Extracted information →
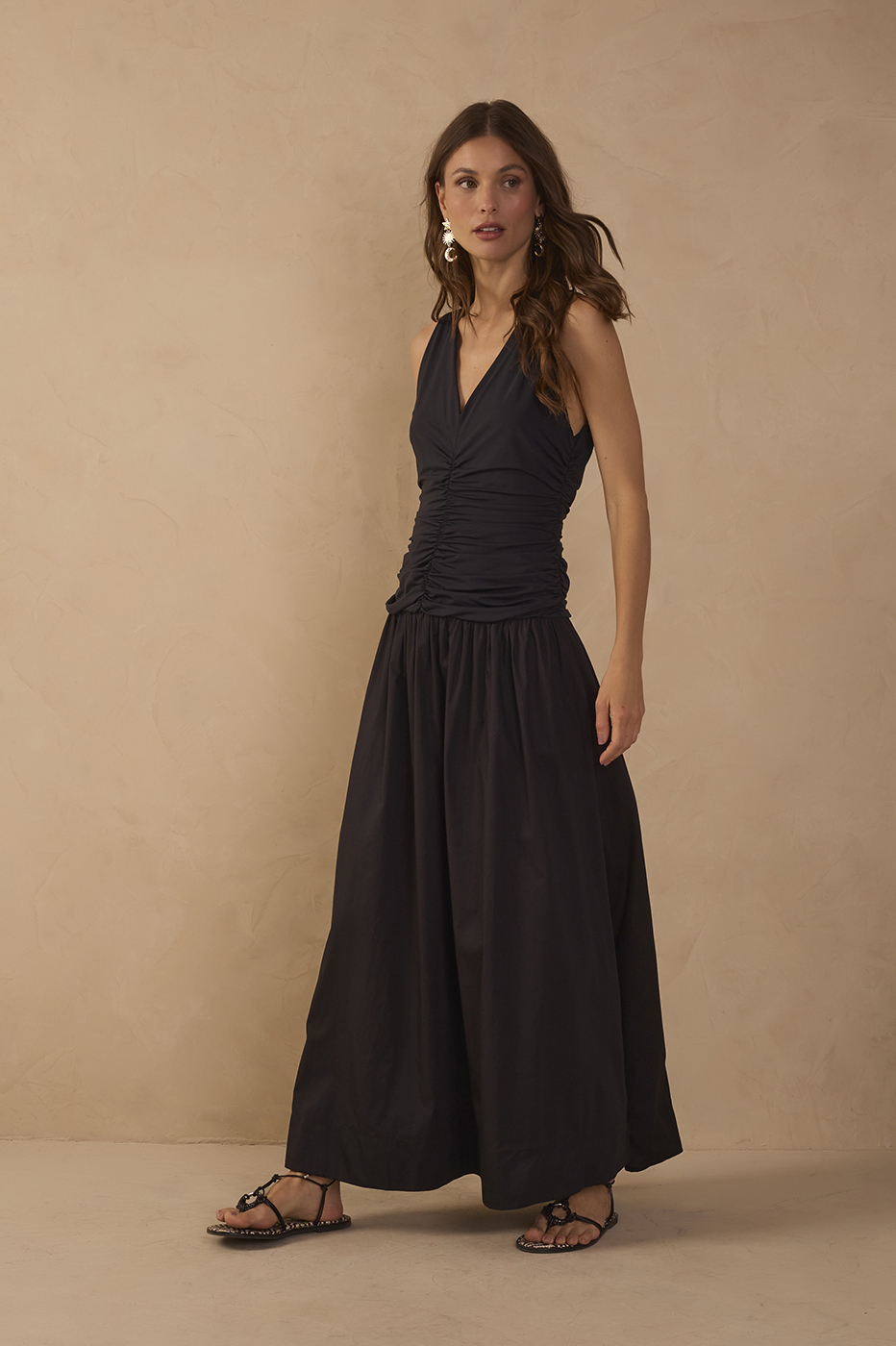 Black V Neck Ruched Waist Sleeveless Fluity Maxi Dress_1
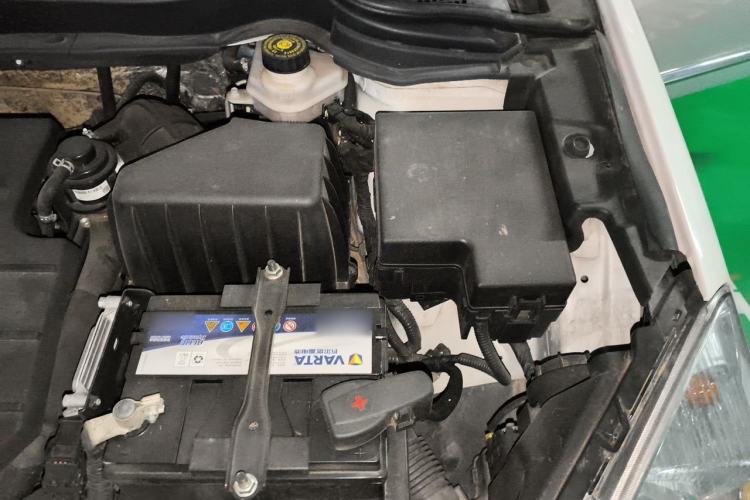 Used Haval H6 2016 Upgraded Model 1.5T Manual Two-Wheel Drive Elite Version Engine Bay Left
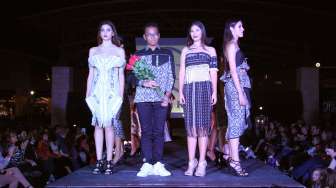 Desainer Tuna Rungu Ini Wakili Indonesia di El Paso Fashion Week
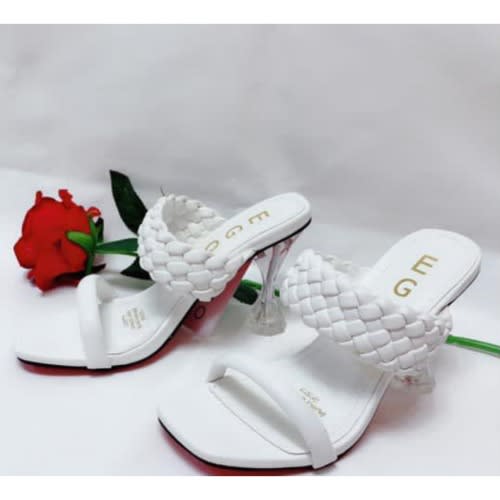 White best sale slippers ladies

---

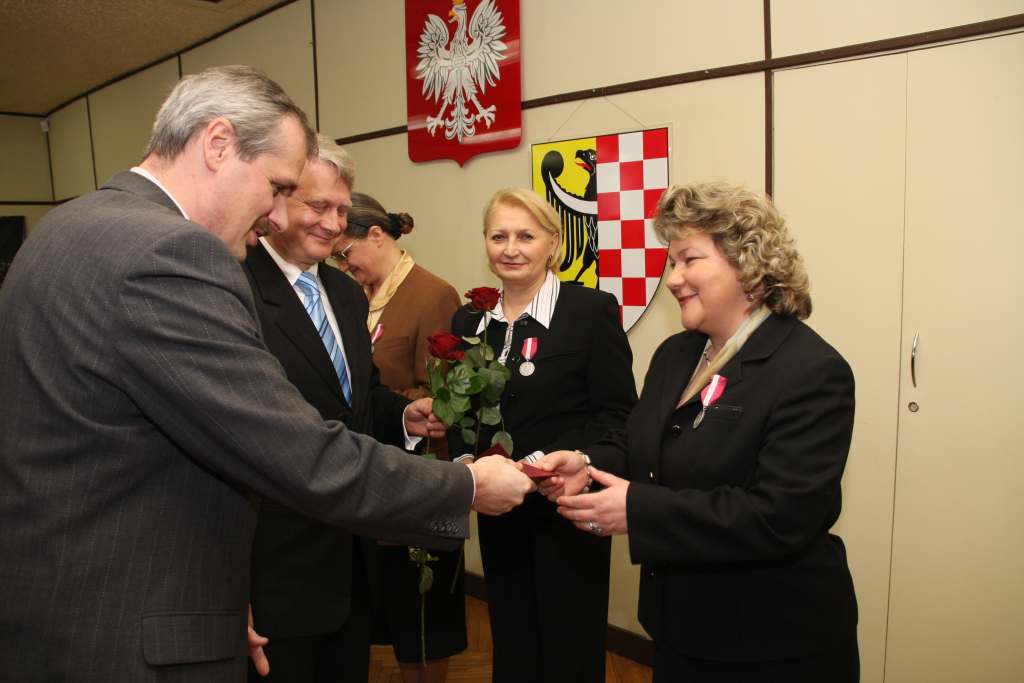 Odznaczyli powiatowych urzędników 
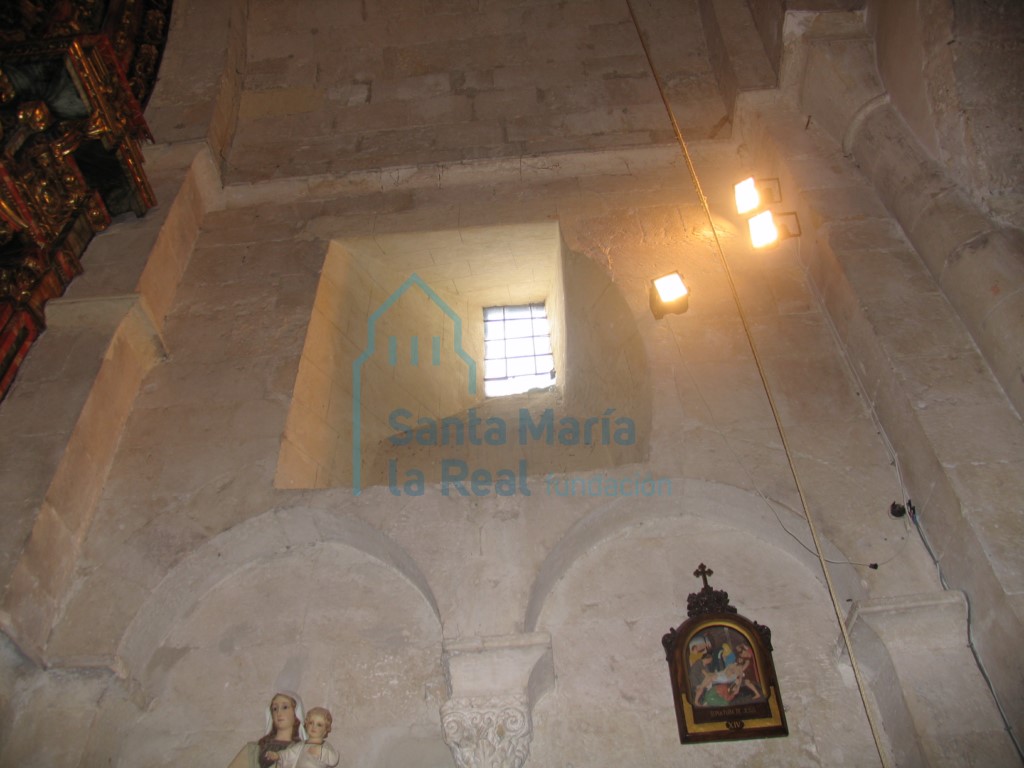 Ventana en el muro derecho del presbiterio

...

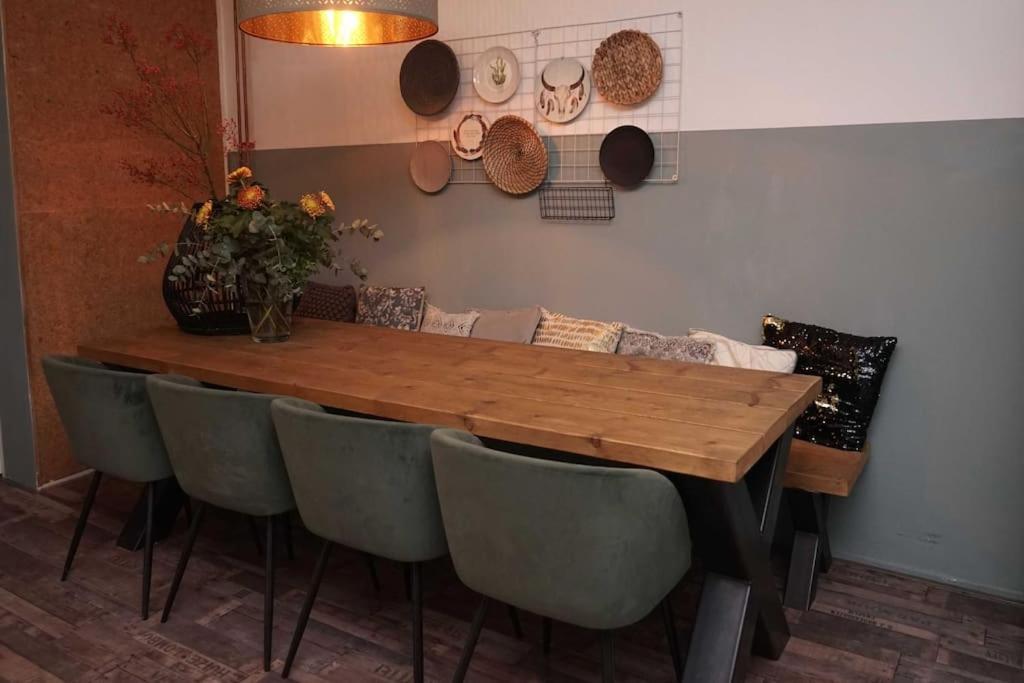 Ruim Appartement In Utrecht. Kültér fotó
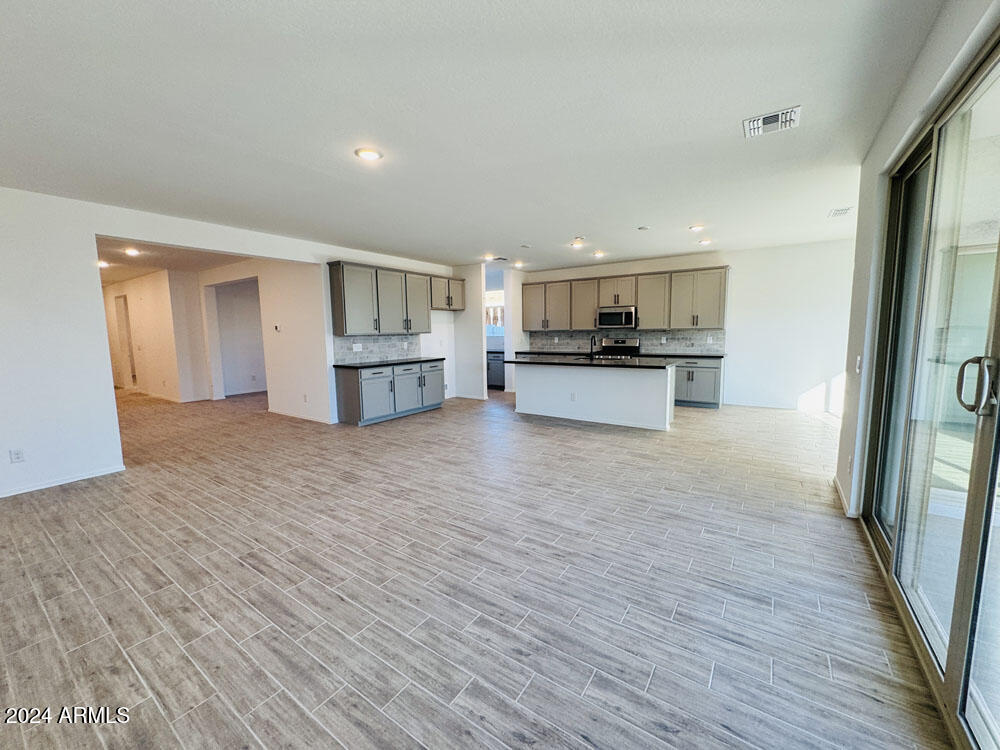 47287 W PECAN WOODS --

Exercise prompt →
Now transcribe the lines above exactly, starting at the line containing "Black V Neck" and ending at the line containing "White best sale slippers ladies", both lines included, pictures excluded.

Response to the exercise →
 Black V Neck Ruched Waist Sleeveless Fluity Maxi Dress_1
 Used Haval H6 2016 Upgraded Model 1.5T Manual Two-Wheel Drive Elite Version Engine Bay Left
 Desainer Tuna Rungu Ini Wakili Indonesia di El Paso Fashion Week
 White best sale slippers ladies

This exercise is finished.